セックスマシーン (Sex Machine) was a band I had heard of but was not obsessed about. I knew they had to be a lot older than the other bands here since I had seen their songs on V/A punk CDs released years ago. As the band got up on stage I noticed that they looked a lot more seasoned and perhaps maybe more mellowed out because of their age. It didn't take long to change that. The vocalist marched down the steps from the second floor and stopped halfway. His jeans looked like they were thrown in a huge blender. He jumped from there(quite a ways down) and made his way to the stage. When the band got into motion there was no way you could tell they were much different from bands probably half their age. They played with this unrestrained energy, sweat dripping down their faces, and never giving it less than their all for their performance. Their brand of punk was a lot similar to the jinsei hoketsu's, it wasn't too poppy but at the same time it was a lot of fun, and demanded a lot of audience response to sing along in the choruses. I had always wanted to go to a show like this, and Sex Machine put on the epitome of what I wish I could see more of in the Japanese music scene: audience interaction, and less regard for that "invisible line" that separates the stage from the crowd. The vocalist was always in the crowd, sometimes in the middle of a song, and sometimes in MCs and wasn't just stuck on stage. It was crazy, and a lot of fun.

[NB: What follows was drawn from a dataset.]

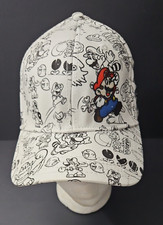 Super Mario Nintendo Games Hat Cap A Flex Fit One Size Fits Most Brand New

The ラブ人間 (the Love Ningen) went up last. Their genre of music wasn't anywhere near the last three bands', there wasn't anything punk about them. I thought having them on the bill was strange, but since I came to see them AND had a good time with the other bands the night was looking pretty good. A number of other fans moved up to the other stage while the more "punk" people eased to the back of the crowd.
They played a lot of songs I didn't recognize, probably most from their live shows and from the upcoming single they are debuting with, but songs I did recognize were pure bliss. With five members, including a violin and keyboard, they had plenty of perks to keep their music interesting. It was very heartfelt when they played their songs, a sense of nearly the opposite of what the previous musicians had done(not to say that being fun is a bad thing, especially in the case of the last three bands I saw, no way).

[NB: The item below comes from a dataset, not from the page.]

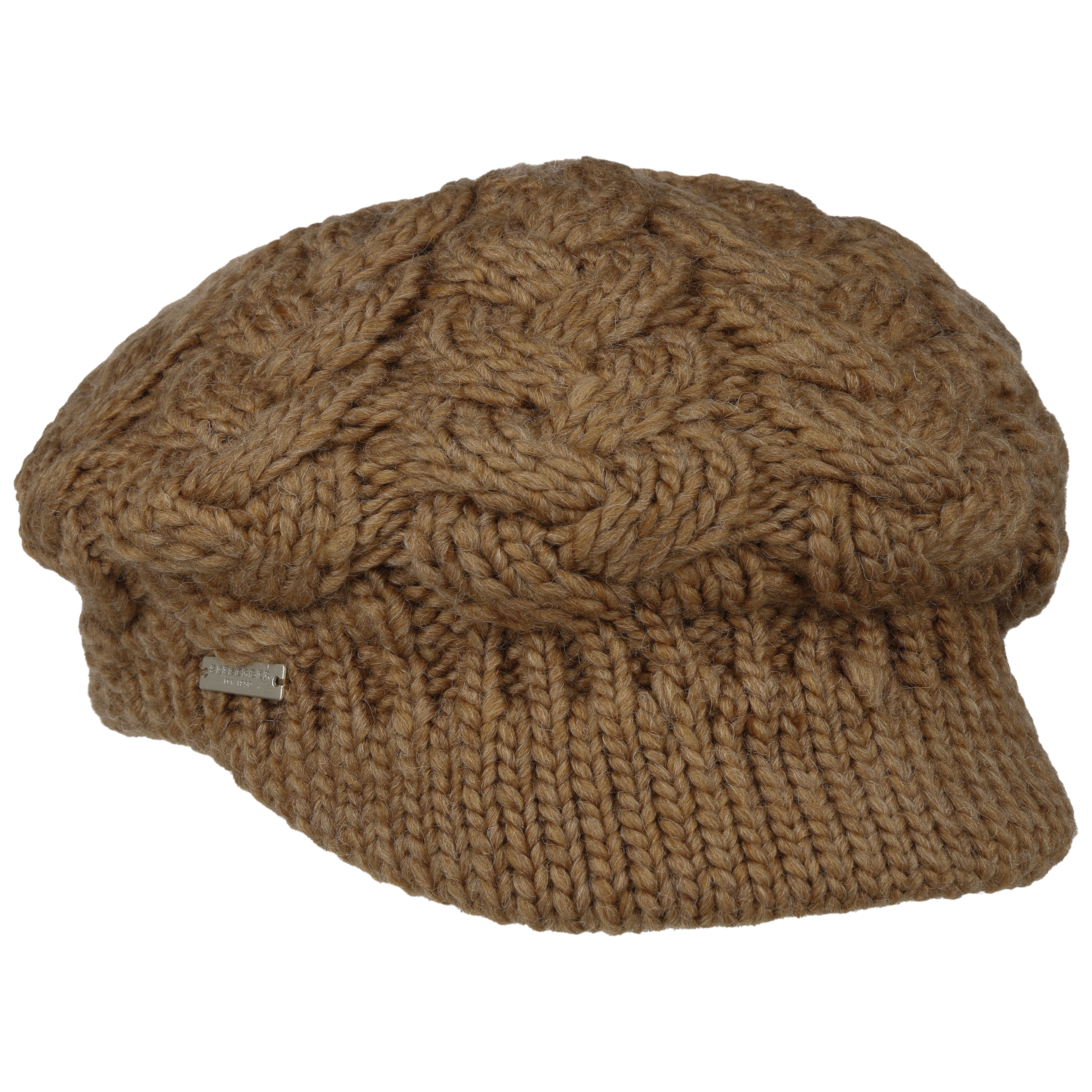 Fireside Recycled Cable Knit Beanie - Baked Clay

At the end of their set I grabbed a T-shirt from the band, who told me that they would be playing a show in Hiroshima, even if they wouldn't be coming all the way to Okayama. The manage also spoke perfect English since he grew up in Hawaii. As I was leaving I saw Kaneda, who was enthralled to meet me and was really happy I came to the show. He gave me a hug as I left and told me it was quite alright I couldn't answer his survey. They were all really nice, approachable people, and it made me really appreciate some of the bands out there that really do appreciate their fans like that in a genuine way.

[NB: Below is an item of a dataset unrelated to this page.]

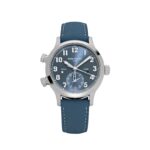 Patek Philippe Calatrava 7234A-001 'Pilot' Travel Time Stainless Steel Blue-Grey Dial Singapore Edition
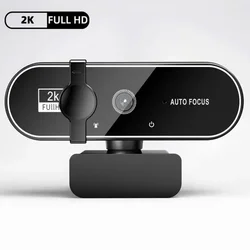 Ultra HD Autofocus Webcam with Microphone for Streaming and Video Calls (2k)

At the end of the night I hurriedly dodged men in suits trying to get me to go into their clubs so I could head home, about an hour train ride away. It had been a great night and I experienced a lot of interesting music from so many genres. Not only that, but Fandango had really proved to be a club full of spirit and one that seemed to really want to keep the spirit of rock'n roll alive with awesome shows like this and less strict rules for bands, giving them total freedom when they perform. I can only hope to see another(better!) show here again.